I think I have exactly one backup of my oldest sources, (covering 1995 to 2002) which have been put on (exactly) one 700 MB CD ROM. Compressed. Then, when working on my first Toshiba (2004?), all of my sources from then on where stored in a personal folder called ‘Sources’ (how original) with many (many) subfolders, all of them containing some sort of project, library or explanation. This folder has moved with me since then and currently covers 3.5 gig of space. Naturally, I always include the executables too (that is in case I ever lose my sources1).

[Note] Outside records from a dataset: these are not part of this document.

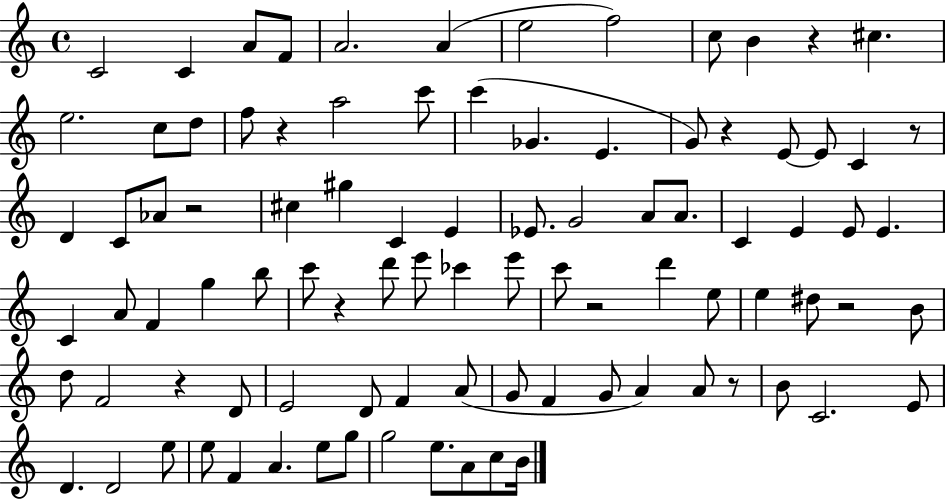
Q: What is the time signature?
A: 4/4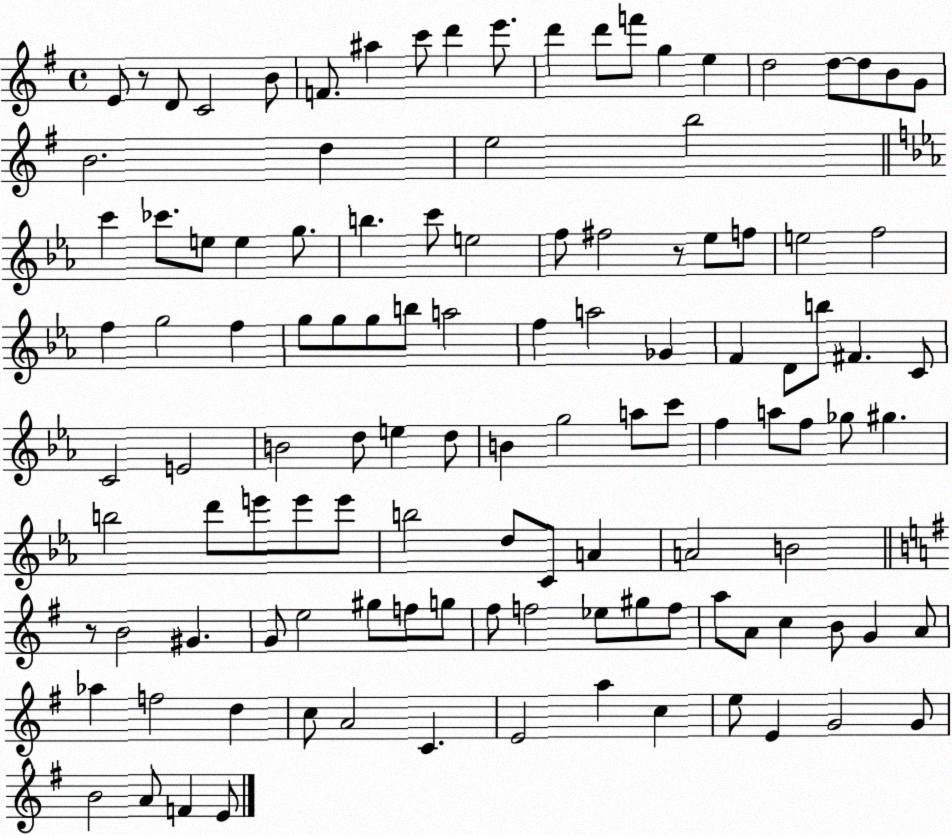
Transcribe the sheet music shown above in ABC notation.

X:1
T:Untitled
M:4/4
L:1/4
K:G
E/2 z/2 D/2 C2 B/2 F/2 ^a c'/2 d' e'/2 d' d'/2 f'/2 g e d2 d/2 d/2 B/2 G/2 B2 d e2 b2 c' _c'/2 e/2 e g/2 b c'/2 e2 f/2 ^f2 z/2 _e/2 f/2 e2 f2 f g2 f g/2 g/2 g/2 b/2 a2 f a2 _G F D/2 b/2 ^F C/2 C2 E2 B2 d/2 e d/2 B g2 a/2 c'/2 f a/2 f/2 _g/2 ^g b2 d'/2 e'/2 e'/2 e'/2 b2 d/2 C/2 A A2 B2 z/2 B2 ^G G/2 e2 ^g/2 f/2 g/2 ^f/2 f2 _e/2 ^g/2 f/2 a/2 A/2 c B/2 G A/2 _a f2 d c/2 A2 C E2 a c e/2 E G2 G/2 B2 A/2 F E/2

And what not.

If you just started programming and you think you’re a hotshot: Think about the Megabytes of code you can write in the next 10 years. Oh: and don’t forget to make backups too.

1 I did lose code over the years: Missing in action are the original WordPlay/Scrabble server (PHP, this is the one I once demoed to explain separation of UI, Code and data), a NNTP statistics collector (Python, this one actually worked too and I have no idea why I wrote it) and a directory synchronizer (Python too). I recently recovered that last one though (sheer luck) when cleaning up a directory on a ‘free hosting’ server (that was the same day I wrote code to extract passwords from a popular FTP program): The code actually still works, but I have no idea how or why I actually wrote it. I don’t understand the code either, anymore, which is worst than actually losing code).